• TASK TO COMPLETE
Print the records below exactly, starting at the first line and stopping after the line that contains "Bach Cello Suite 1 Piano | PDF". Leave out any pictures.

Data excerpts:
---
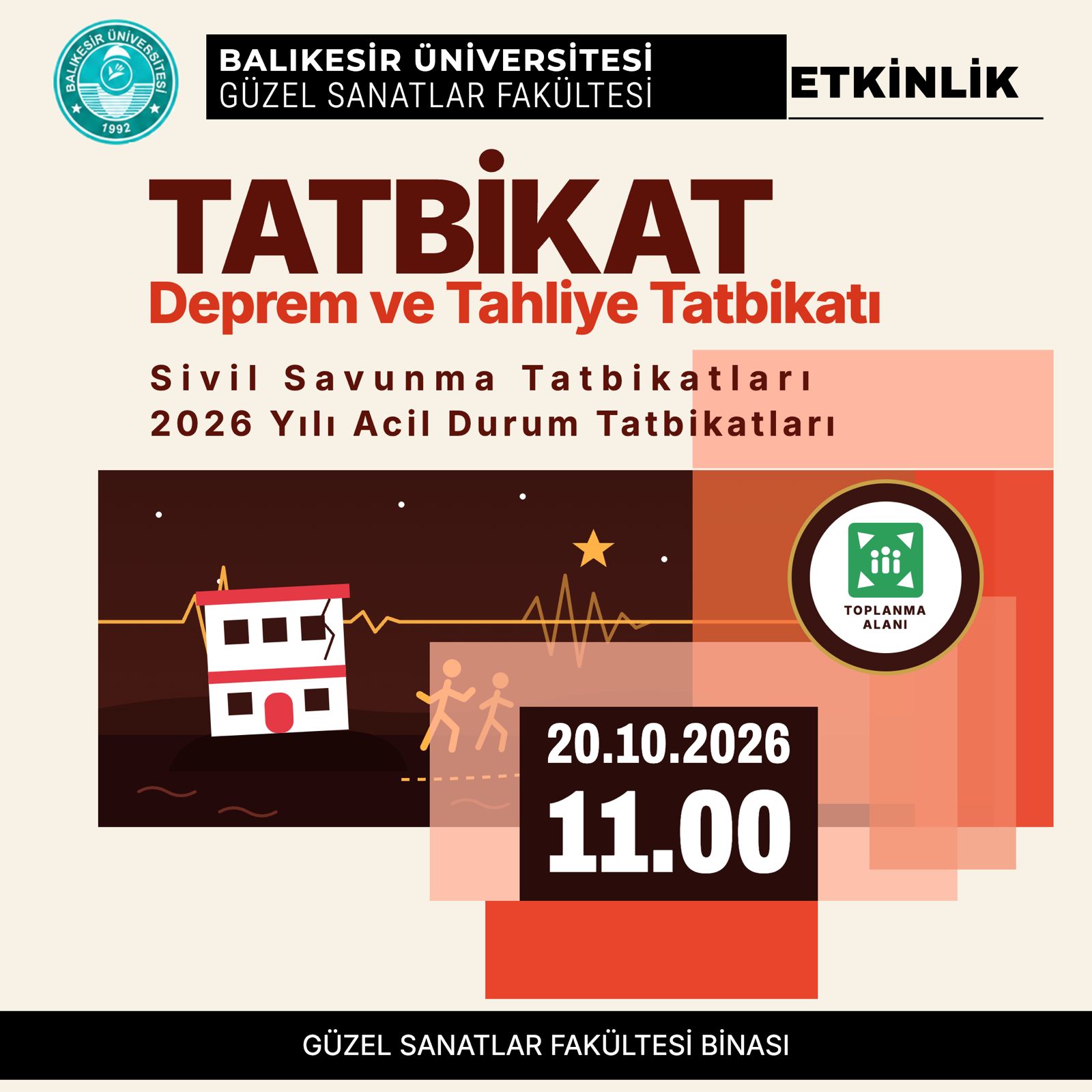 Güzel Sanatlar Fakültesinde Deprem ve Yangın Tatbikatı Gerçekleştirildi 4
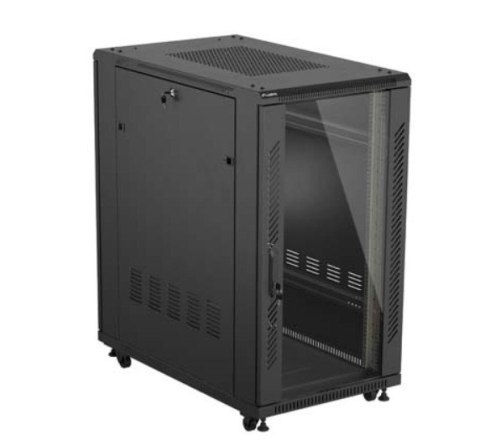 Szafa instalacyjna rack stojąca 19" 22U 600x1000 czarna drzwi przeszkolne ( flat pack)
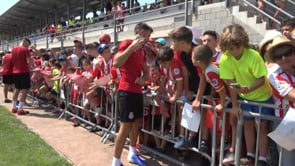 Entrenament de portes obertes del Girona FC a l'Escala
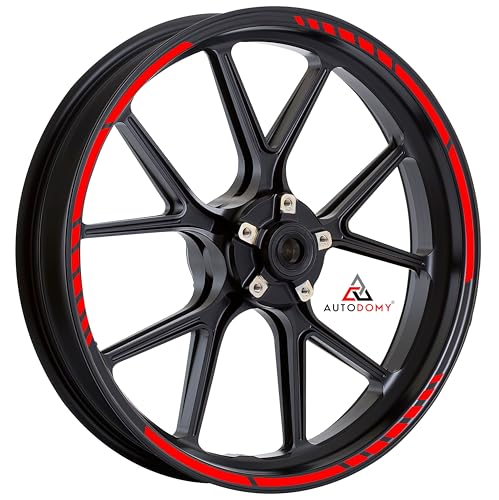 Autodomy Confezione Adesivi Set Completo Di Cerchi Strisce Per Moto Per 2 Ruote Da 15" A 19" Pollici Design Sportivo (Rosso)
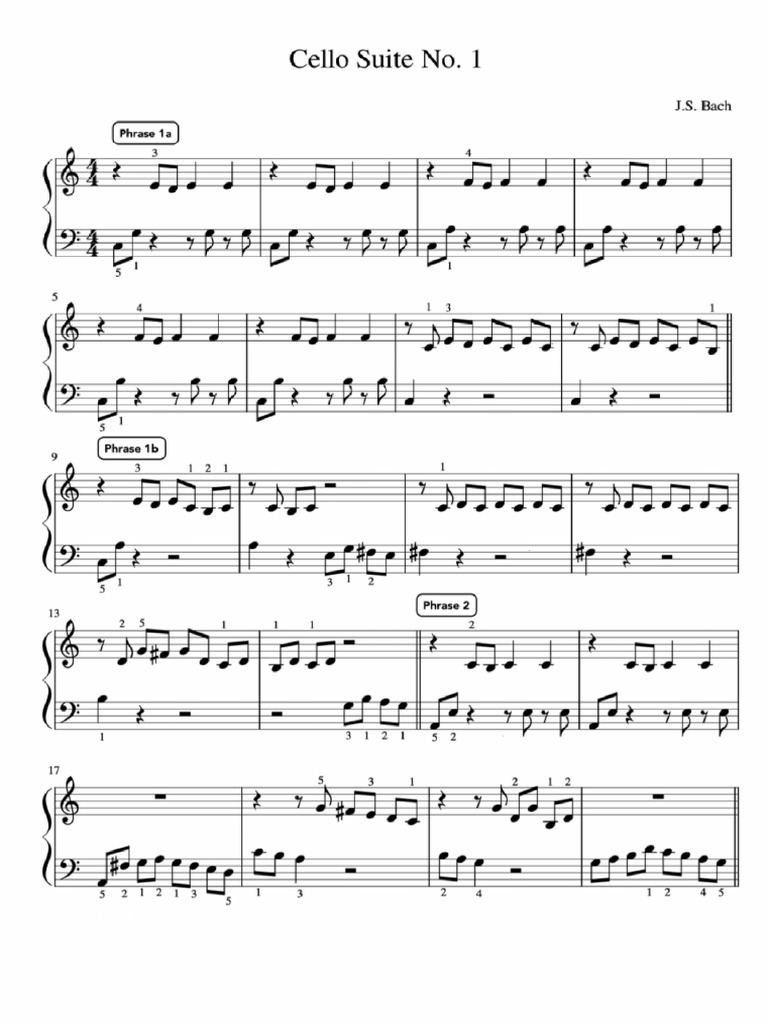 Bach Cello Suite 1 Piano | PDF
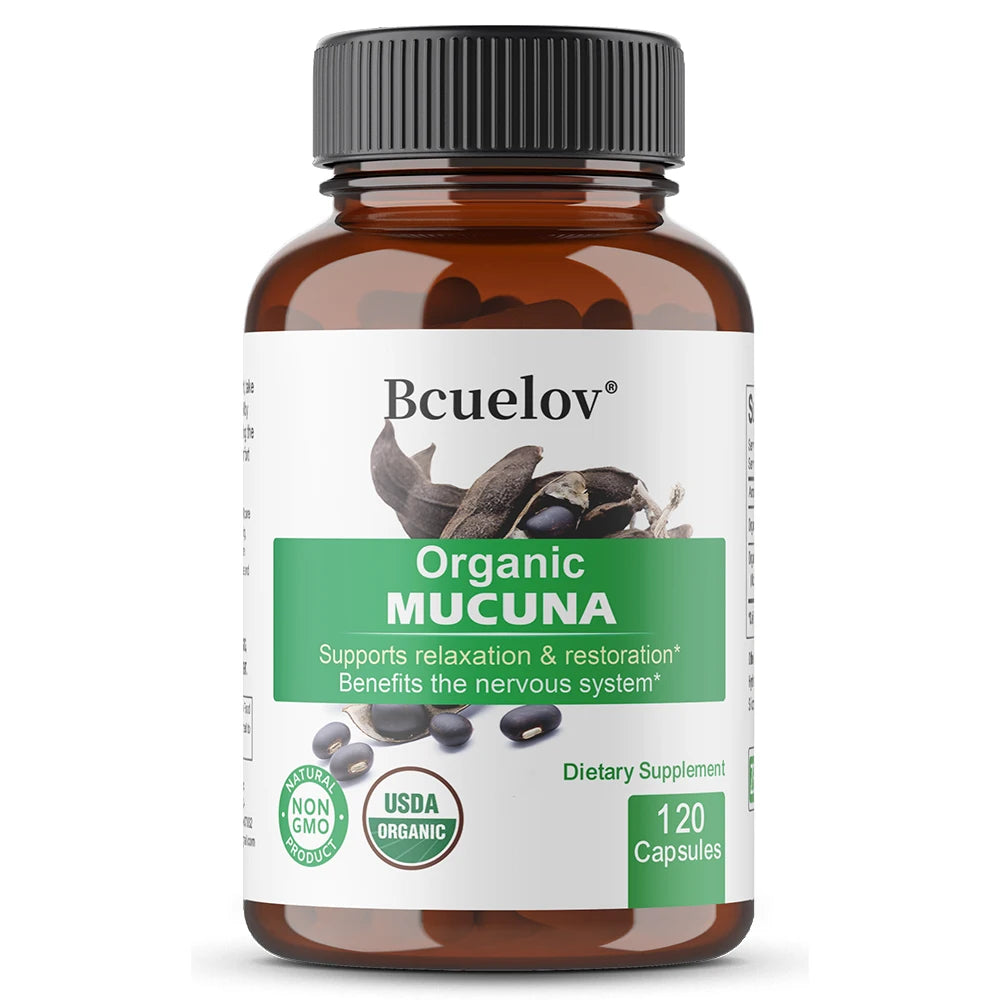 Organic Mucuna Capsules - Supports Relaxation and Well-Being - Natural Herbal Supplement for Nervous System Health Healthy supplements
---
• OUTPUT FOR THIS TASK
 Güzel Sanatlar Fakültesinde Deprem ve Yangın Tatbikatı Gerçekleştirildi 4
 Szafa instalacyjna rack stojąca 19" 22U 600x1000 czarna drzwi przeszkolne ( flat pack)
 Entrenament de portes obertes del Girona FC a l'Escala
 Autodomy Confezione Adesivi Set Completo Di Cerchi Strisce Per Moto Per 2 Ruote Da 15" A 19" Pollici Design Sportivo (Rosso)
 Bach Cello Suite 1 Piano | PDF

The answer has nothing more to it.